Last week I wrote about three types of debts that may not be discharged in a specific case. These are debts that are incurred by a debtor taking cash advances from a credit card totaling $950 or more within 70 days prior to the debtor filing a bankruptcy case, luxury purchases totaling $675 or more within 90 days of filing, and debts that are incurred by fraud. For these three types of debts, the creditor has to bring an action in a timely manor, the debtor must prove that he or she intended to pay back the charges/cash advances at the time the activity took place, or, in the case of a dispute regarding luxury purchases, that some of all of the purchases were not, in fact, luxury purchases for the purposes of the statute.

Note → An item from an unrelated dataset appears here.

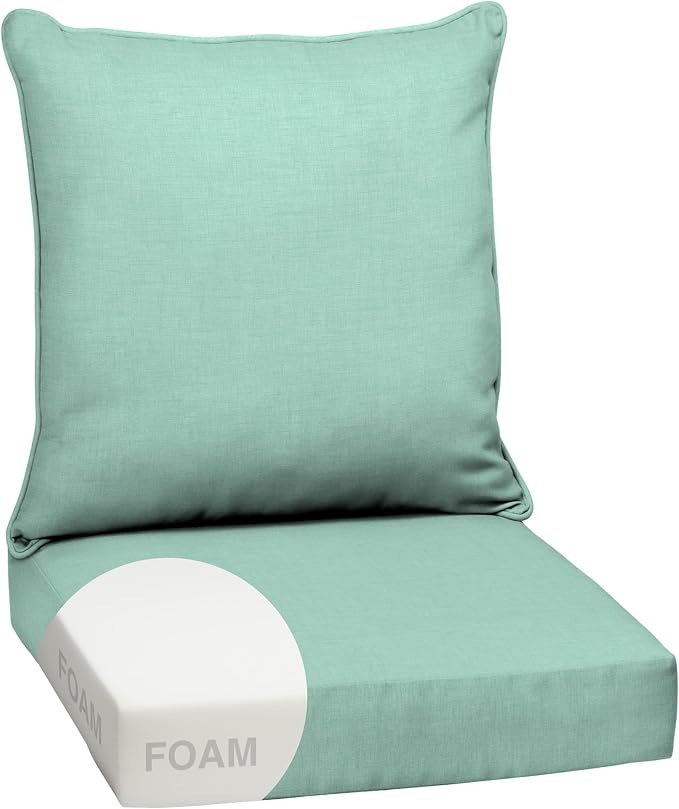 Arden Outdoor Deep Seat Cushion Set, Foam, 24x24, Aqua | Sofa, Couch, Conversation Set, Premium High-Density Foam, Never Flattens, Mold and Mildew Resistant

Section 523(a)(6) of the Bankruptcy Code provides that a debt incurred by a debtor because of the willful and malicious injury by the debtor to another entity or to the property of another entity can be excepted from discharge.
As is the case with the three types of debts I reviewed last week, there is no presumption that a debt caused by a willful and malicious injury be excepted from discharge. In order to have this type of debt excepted from discharge, the creditor has to bring an action in bankruptcy court, and the creditor has the burden of proving that the debt should not be discharged.
It’s important to note Congress deliberately did not narrow who the creditor can be in carving out this exception to discharge. The statute refers to an “entity,” not a person. Under the Bankruptcy Code’s definition section, the term entity refers to a “person, estate, trust, governmental unit and United States Trustee.” So the scope of who can be a creditor in under this statute is broad; however we are almost always talking about an injury to a person or to the property owned by a person.
One significant difference between chapter 7 and chapter 13 bankruptcy cases is that more types of debts can be discharged in a chapter 13 case than chapter 7. This is called the chapter 13 “super discharge.”
Section 1328 of the Bankruptcy Code defines what debts are discharged in a chapter 13 case. Unlike section 523, which lists 18 different types of debts that are not discharged in a chapter 7 case, section 1328 lists only 11 types of debts that are not subject to discharge in a chapter 13 case.
It is worth noting that prior to the significant changes in the bankruptcy law that were made in 2005, there were more types of debt subject to the chapter 13 “super discharge” than there are now. However, there are still several types of debts that are difficult to discharge in a chapter 7 case that can be discharged in a chapter 13 case, and for that reason, people with debts like these should seriously consider using a chapter 13 payment plan as a way to resolve these obligations by making affordable monthly payments in a chapter 13 case.
People considering chapter 13 to discharge debt that is not dischargeable in a chapter 7 case should be cautioned, though: it is a requirement of chapter 13 that cases by filed by the debtor “in good faith.” Good faith requires that chapter 13 debtors be honest about the facts of their case, and not use chapter 13 to escape the payment of obligations imposed by other courts without first making a good faith effort to comply with other court orders.